Why I only work remotely - charlieirish
https://medium.com/@yanismydj/why-i-only-work-remotely-2e5eb07ae28f#.485pp6c0d
======
aban
Previous discussion (from 6 days ago):
[https://news.ycombinator.com/item?id=13230508](https://news.ycombinator.com/item?id=13230508)

------
VLM
The most damning condemnation of the open office is its exclusively for trendy
paid corporate work. Nobody ever told a student to work on a term paper at a
singles bar. No open source guidelines book ever claimed open source software
can't be written unless the author sits at a table in the middle of a wild day
care center. No one teaching themselves anything ever heard they'll never
learn in a quiet room, they need to try and learn at a Katy Perry concert.

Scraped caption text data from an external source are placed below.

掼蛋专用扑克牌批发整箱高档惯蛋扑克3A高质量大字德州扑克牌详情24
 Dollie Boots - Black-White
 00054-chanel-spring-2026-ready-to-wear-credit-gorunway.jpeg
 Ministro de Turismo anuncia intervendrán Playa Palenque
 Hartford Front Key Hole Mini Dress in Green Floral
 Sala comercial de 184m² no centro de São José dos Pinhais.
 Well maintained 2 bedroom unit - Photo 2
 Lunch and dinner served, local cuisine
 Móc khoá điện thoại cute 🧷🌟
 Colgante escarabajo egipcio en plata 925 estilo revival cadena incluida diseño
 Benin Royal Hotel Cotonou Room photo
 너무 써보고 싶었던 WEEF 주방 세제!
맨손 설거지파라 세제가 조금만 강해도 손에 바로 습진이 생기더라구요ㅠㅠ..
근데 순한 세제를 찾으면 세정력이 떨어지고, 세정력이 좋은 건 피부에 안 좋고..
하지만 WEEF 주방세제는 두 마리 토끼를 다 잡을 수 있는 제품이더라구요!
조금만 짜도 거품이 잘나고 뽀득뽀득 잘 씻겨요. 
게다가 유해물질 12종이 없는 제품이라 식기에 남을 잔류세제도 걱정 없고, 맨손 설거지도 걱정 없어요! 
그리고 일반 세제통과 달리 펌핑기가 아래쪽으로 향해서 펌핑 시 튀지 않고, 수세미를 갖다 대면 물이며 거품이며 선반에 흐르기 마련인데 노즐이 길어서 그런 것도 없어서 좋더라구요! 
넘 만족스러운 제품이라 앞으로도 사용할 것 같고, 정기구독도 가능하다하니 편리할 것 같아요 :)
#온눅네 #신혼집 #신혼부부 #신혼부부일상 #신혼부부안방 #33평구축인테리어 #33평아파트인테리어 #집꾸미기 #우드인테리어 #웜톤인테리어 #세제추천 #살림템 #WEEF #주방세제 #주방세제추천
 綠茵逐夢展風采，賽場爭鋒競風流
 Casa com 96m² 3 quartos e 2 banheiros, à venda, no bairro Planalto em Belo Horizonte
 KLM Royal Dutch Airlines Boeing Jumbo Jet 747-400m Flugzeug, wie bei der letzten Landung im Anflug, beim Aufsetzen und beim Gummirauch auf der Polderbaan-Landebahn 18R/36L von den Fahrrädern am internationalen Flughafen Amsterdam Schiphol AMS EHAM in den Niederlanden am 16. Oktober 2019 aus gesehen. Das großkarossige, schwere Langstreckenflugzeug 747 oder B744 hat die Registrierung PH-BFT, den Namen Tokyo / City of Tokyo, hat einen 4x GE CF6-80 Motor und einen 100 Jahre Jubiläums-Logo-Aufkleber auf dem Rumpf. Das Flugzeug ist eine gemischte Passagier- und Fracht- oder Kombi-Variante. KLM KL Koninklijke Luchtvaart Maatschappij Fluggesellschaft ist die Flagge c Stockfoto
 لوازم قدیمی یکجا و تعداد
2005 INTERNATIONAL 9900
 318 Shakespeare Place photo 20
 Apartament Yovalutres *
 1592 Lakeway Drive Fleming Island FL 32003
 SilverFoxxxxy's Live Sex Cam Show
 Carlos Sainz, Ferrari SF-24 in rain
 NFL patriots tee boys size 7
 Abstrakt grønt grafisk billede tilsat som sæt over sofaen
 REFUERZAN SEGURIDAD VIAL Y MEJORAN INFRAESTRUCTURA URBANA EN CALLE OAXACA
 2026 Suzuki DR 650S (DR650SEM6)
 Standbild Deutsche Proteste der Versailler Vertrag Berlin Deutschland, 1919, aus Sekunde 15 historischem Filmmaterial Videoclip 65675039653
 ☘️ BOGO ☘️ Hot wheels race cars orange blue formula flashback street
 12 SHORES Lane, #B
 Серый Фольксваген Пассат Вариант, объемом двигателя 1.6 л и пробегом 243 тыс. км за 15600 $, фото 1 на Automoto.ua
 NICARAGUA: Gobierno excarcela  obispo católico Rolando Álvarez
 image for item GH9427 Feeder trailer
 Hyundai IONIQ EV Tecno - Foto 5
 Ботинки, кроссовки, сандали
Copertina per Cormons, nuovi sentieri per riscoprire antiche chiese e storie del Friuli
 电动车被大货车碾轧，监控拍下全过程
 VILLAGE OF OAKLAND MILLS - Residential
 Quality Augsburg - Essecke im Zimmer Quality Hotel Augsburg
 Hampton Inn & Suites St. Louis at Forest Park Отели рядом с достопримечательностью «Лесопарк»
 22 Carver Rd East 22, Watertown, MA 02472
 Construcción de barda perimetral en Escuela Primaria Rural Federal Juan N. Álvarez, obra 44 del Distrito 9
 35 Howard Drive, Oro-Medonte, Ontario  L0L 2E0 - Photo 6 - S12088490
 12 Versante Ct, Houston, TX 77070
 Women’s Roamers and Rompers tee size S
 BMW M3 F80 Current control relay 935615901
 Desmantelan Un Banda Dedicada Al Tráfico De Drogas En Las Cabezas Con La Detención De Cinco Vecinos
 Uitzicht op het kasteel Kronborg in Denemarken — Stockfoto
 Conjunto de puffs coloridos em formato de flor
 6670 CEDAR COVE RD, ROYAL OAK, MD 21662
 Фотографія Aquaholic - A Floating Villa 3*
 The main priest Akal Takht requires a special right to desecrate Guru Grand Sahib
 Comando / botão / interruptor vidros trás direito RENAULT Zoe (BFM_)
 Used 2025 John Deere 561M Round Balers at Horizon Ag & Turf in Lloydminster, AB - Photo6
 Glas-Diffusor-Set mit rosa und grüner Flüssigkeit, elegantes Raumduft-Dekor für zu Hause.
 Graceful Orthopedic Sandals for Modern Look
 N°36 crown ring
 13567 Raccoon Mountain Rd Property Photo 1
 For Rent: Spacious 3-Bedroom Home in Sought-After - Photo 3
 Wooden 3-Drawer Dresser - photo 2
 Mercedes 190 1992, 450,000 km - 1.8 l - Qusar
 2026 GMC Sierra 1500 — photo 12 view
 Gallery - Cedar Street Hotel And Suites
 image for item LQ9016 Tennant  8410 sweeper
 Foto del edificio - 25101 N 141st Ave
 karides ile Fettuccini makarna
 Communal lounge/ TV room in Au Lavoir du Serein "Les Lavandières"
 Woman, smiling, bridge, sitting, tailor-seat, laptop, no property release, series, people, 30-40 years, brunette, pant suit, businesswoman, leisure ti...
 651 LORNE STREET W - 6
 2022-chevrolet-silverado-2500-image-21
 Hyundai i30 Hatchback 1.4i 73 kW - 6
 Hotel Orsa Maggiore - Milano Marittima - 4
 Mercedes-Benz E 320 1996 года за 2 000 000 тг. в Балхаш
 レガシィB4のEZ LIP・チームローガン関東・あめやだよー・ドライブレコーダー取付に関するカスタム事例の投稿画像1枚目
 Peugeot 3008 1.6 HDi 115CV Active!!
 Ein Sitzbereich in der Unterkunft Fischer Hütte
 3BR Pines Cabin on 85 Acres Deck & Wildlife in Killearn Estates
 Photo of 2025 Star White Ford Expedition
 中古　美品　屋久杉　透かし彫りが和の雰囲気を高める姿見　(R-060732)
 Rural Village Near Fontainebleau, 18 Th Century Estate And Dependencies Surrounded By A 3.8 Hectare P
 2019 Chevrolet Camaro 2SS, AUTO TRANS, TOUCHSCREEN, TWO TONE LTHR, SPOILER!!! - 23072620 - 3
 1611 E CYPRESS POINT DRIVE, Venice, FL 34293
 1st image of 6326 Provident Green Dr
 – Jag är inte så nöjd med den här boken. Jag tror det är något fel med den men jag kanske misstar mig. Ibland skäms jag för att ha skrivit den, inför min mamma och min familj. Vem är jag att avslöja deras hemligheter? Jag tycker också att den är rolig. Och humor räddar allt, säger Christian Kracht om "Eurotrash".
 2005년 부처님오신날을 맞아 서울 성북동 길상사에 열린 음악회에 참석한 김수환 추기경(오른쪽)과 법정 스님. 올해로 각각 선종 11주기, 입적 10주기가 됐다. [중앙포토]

Another topic often missed is megacorporations work remotely all the time. In
fact I've never met most of the people I work with because they live all over
the country, and I work with hardware all over the country, in fact I'm
working on a (private) cloud image later today and I'm not even sure what
state its physically located in. If the corporation says you're going to work
remotely because that outside contractor is 1000 miles away or that director
lives 1000 miles the other way, its obviously inherently correct because the
corporation said it. But if a mere human being says something similar about
his work environment, its obviously wrong because only corporations can be
correct. If my boss says she's going to be 100 miles away thats great, if I
say my boss is going to be 100 miles away thats inherently evil and must be
suppressed.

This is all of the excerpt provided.